*** MATERIAL PROVIDED

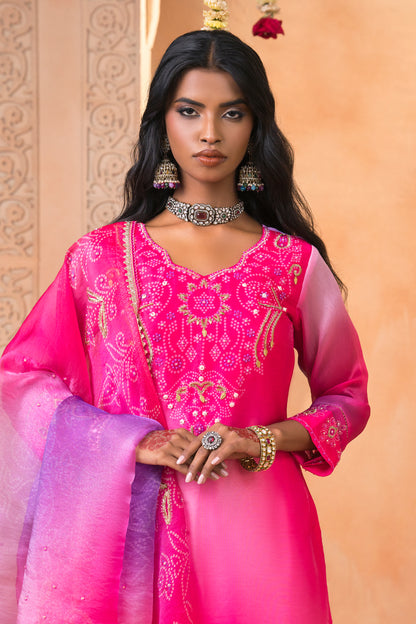 Pink Ombre Bandhani Print Silk Suit Set with Embroidered Dupatta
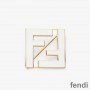 Fendi FF Brooch In Enameled Metal White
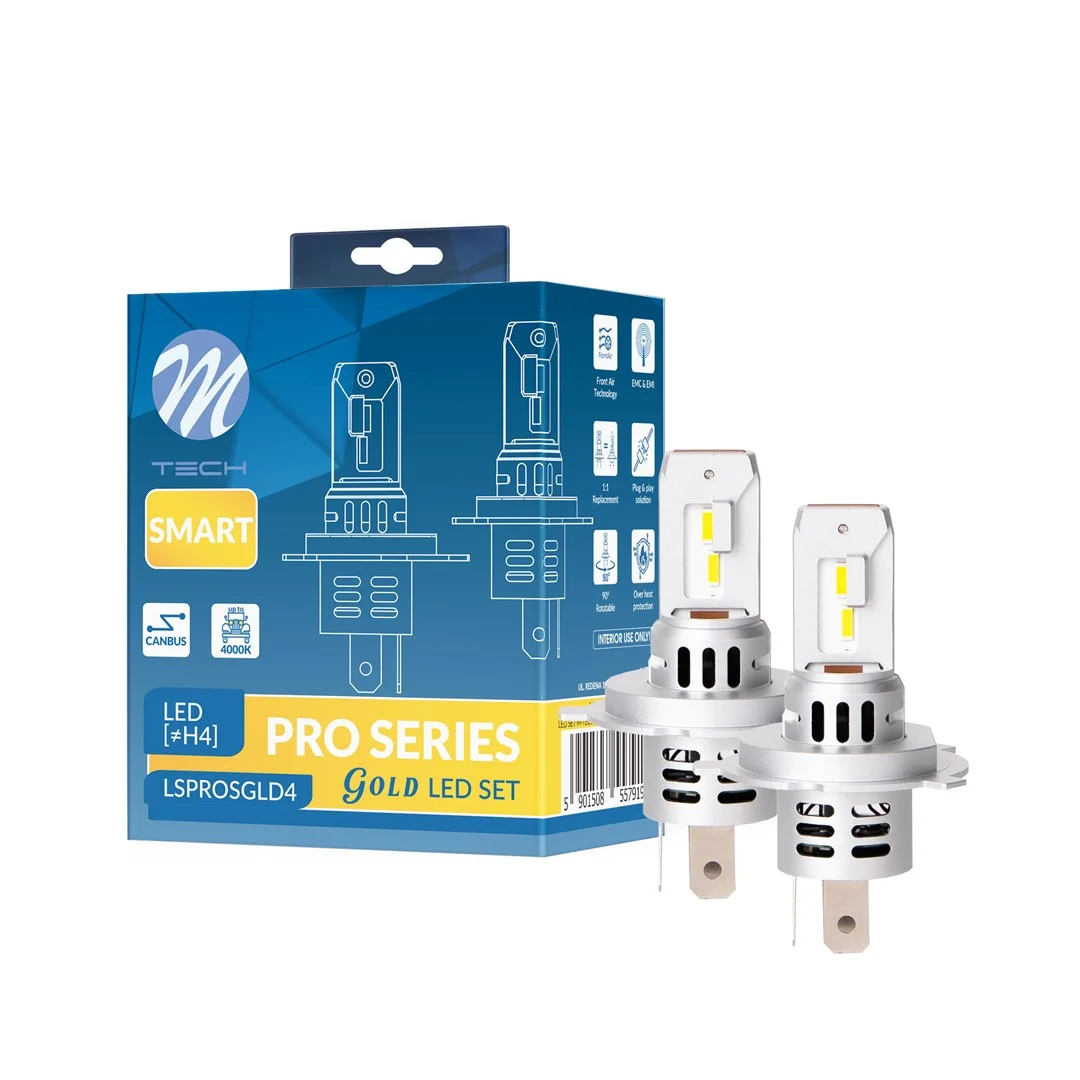 Φωτογραφία προϊόντος: M-tech ΛΑΜΠEΣ LED H4 12V 4.000K 52W 4.300lm LED CANBUS CSP5730 PRO SMART SERIES M-TECH - 2 ΤΕΜ. LSPROSGLD4/MT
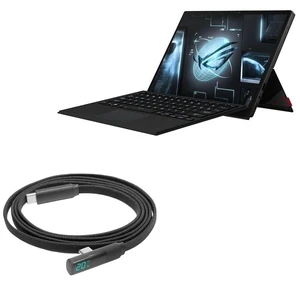 BoxWave Cable Compatible with ASUS ROG Flow Z13 (2022) - PowerDisplay PD Right Angle Cable (4ft) - USB-C to USB-C (100W), LED Wattage Info Extra Long Braided Nylon - Jet Black BoxWave Cable Compatible with ASUS ROG Flow Z13 (2022) - PowerDisplay PD Right Angle Cable (4ft) - USB-C to USB-C (100W), LED Wattage Info Extra Long Braided Nylon - Jet Black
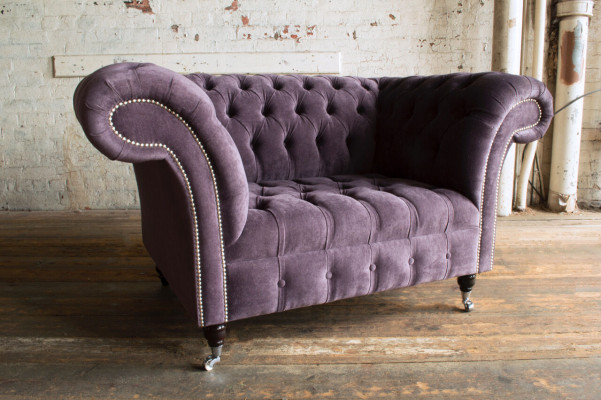 Chesterfield krēsla dīvāns klājs dīvāns dīvāni 1,5 sēdvietas vienvietīgs lilas audums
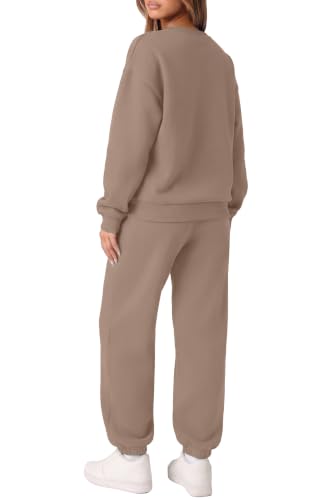 WIHOLL Women's 2 Piece Lounge Set - Khaki Medium Fall Sweatsuit
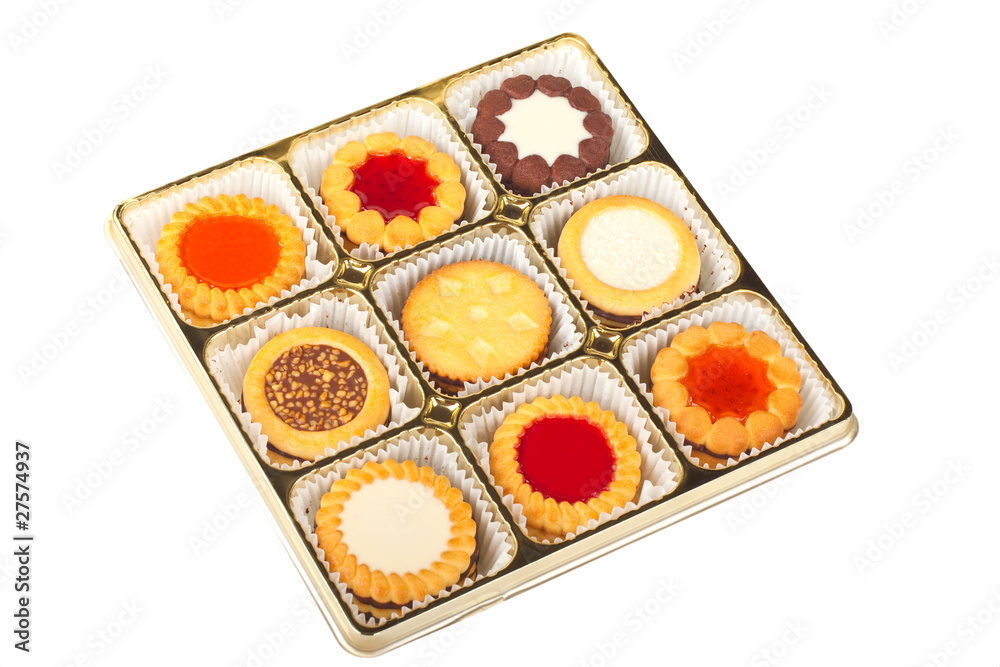 Cookies in a box on a white background Cookies in a box on a white background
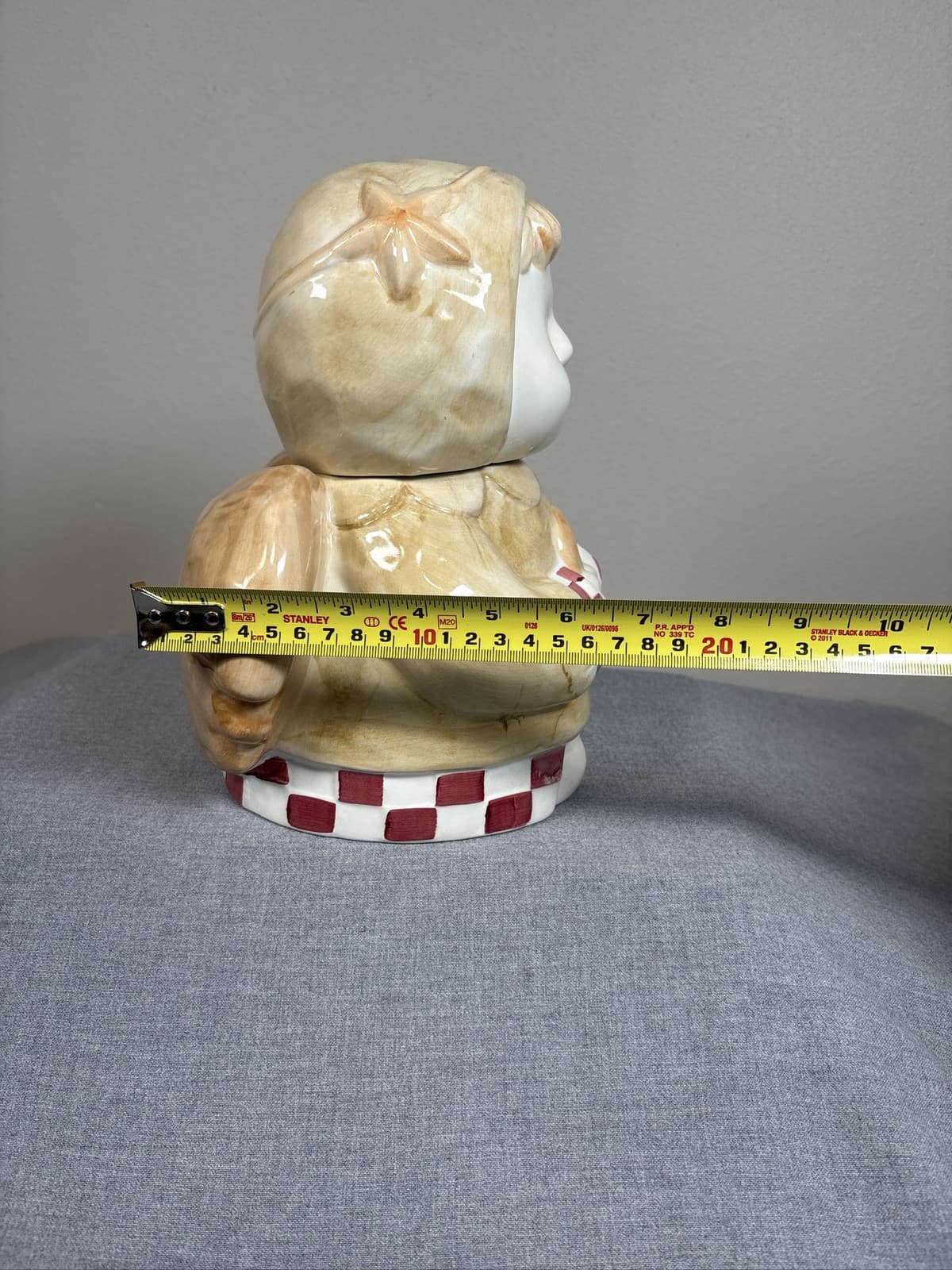 Design Pac Angel Cookie Jar Beige Red Plaid Heart Wings - Thumbnail 10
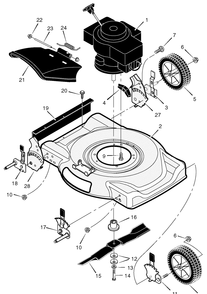 Mower Housing Assembly Diagram and Parts List for 220012X92A 2005 Briggs and Stratton Lawn Mower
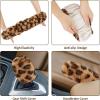 imageFuzzy Steering Wheel Cover for Women Girls Accmor Universal Fit 15 inch Fur Car Wheel Cover amp Handbrake Cover amp Gear Shift Cover Set Fashion Leopard Winter Warm Fluffy Vehicle Wheel ProtectorKhakiBrown Leopard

******

■ **ASSIGNMENT**
Although the records above contain pictures, output every line exactly and leave the pictures out.

■ **WRITTEN SOLUTION**
 Pink Ombre Bandhani Print Silk Suit Set with Embroidered Dupatta
 Fendi FF Brooch In Enameled Metal White
 Φωτογραφία προϊόντος: M-tech ΛΑΜΠEΣ LED H4 12V 4.000K 52W 4.300lm LED CANBUS CSP5730 PRO SMART SERIES M-TECH - 2 ΤΕΜ. LSPROSGLD4/MT
 BoxWave Cable Compatible with ASUS ROG Flow Z13 (2022) - PowerDisplay PD Right Angle Cable (4ft) - USB-C to USB-C (100W), LED Wattage Info Extra Long Braided Nylon - Jet Black BoxWave Cable Compatible with ASUS ROG Flow Z13 (2022) - PowerDisplay PD Right Angle Cable (4ft) - USB-C to USB-C (100W), LED Wattage Info Extra Long Braided Nylon - Jet Black
 Chesterfield krēsla dīvāns klājs dīvāns dīvāni 1,5 sēdvietas vienvietīgs lilas audums
 WIHOLL Women's 2 Piece Lounge Set - Khaki Medium Fall Sweatsuit
 Cookies in a box on a white background Cookies in a box on a white background
 Design Pac Angel Cookie Jar Beige Red Plaid Heart Wings - Thumbnail 10
 Mower Housing Assembly Diagram and Parts List for 220012X92A 2005 Briggs and Stratton Lawn Mower
 imageFuzzy Steering Wheel Cover for Women Girls Accmor Universal Fit 15 inch Fur Car Wheel Cover amp Handbrake Cover amp Gear Shift Cover Set Fashion Leopard Winter Warm Fluffy Vehicle Wheel ProtectorKhakiBrown Leopard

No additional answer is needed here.